By 1956, the existence of extensive copper orebodies at the Granduc mine had been established. To develop these orebodies, a decision was made in 1964 to drive the 11.5-mile tunnel from the Leduc minesite on the west side of Granduc Mountain to the proposed site of concentrator facilities at Tide Lake in the Bowser River Valley and to construct a road from the mill at Tide Lake to Stewart at which deep-sea port facilities could be established.
The driving of the haulage tunnel is one of the major engineering feats in the history of mining and is the subject of a separate article in this issue. The story of the avalanche which descended on the Leduc camp has been told many times and is well known to the mining men of this continent. Its immediate effect from an engineering point of view was to alter the original two-heading concept to that of a single drive from the Tide Lake portal. This was a most severe setback and it delayed completion of the program a full year.
The fact remains that ore was being mined, transported through the world's longest mining-operation tunnel, and was being treated in a modern concentrator; that the campsite at the Tide Lake end of the tunnel was fully developed; that housing for married personnel has been established at Stewart where deep-sea loading facilities have also been constructed; and that Granduc had become a major force in Canadian mining and was a notable contributor to the provincial and federal economies as well as a substantial employer of labor.

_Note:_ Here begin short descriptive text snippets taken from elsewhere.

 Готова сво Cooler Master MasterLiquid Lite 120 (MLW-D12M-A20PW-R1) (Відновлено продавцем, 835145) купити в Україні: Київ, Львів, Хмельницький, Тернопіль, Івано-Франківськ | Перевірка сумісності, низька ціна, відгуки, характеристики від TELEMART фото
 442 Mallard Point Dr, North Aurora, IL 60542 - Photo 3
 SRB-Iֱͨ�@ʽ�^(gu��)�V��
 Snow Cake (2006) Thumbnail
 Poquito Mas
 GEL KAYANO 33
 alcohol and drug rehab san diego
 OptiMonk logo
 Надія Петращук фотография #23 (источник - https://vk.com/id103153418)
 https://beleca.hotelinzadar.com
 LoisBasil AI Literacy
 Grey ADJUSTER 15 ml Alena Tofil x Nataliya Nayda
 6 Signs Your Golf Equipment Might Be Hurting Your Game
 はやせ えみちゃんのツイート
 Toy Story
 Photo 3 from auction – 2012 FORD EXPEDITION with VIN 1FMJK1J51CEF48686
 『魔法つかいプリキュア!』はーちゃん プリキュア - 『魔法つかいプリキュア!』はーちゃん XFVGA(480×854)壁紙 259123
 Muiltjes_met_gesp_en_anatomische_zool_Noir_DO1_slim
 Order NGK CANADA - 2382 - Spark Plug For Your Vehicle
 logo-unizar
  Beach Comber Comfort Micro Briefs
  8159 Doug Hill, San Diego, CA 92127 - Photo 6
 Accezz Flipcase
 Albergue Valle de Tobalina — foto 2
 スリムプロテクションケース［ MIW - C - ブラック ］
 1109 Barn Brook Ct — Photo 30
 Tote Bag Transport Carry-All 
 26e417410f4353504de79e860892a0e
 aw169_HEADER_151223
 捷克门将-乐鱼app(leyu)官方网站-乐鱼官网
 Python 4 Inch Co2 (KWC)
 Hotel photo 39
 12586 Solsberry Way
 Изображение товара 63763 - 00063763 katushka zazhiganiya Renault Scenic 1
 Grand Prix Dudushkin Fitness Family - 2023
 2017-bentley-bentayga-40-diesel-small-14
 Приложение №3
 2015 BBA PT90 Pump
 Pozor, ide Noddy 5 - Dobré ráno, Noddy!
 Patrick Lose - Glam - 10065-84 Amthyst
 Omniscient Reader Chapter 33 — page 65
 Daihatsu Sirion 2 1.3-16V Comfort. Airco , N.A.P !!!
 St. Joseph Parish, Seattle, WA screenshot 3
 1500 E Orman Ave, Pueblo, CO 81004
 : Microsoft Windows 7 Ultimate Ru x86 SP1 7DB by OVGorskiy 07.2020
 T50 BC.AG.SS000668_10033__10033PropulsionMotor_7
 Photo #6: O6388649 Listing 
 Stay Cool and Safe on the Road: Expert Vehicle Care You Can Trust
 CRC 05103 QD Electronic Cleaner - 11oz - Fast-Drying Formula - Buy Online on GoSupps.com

The Granduc mine was leased to Granduc Operating Company which was owned jointly by Newmont Mining Corporation and American Smelting and Refining Company. The two major companies participate equally in the joint venture and Granduc Operating Company was the operator . Under the terms of the lease, Granduc Mines, Limited, was to receive a royalty of 22.5% of operating profits earned from the first 32.5 million tons milled and a royalty of 25% thereafter. The operators, who provided all of the funds, quoted a figure of $115 million as the expenditure from October I, 1965, to bring the property to the production stage. It can only be concluded, in consideration of the hazards herein mentioned and the always uncertain fluctuations of metal markets, that this was "risk capital" with a vengeance. It can also serve as a reminder to the socio-economists of our age, who tend to deride achievement, that more than dreams are needed to realize the attainment of a good life; that it is still left to those with sheer "guts" to proceed with the financing of such a project and to re-affirm their confidence in the face of rising costs and physical stoppages; that much depends on our technical people with their undiminished competence ...all working together to make our economy function and to make Canada, as has been done so many times in the past, something of a better place in which to live. Published ore reserves at Granduc were estimated at more than 43,000,000 tons grading I. 73% copper with minor values in gold and silver.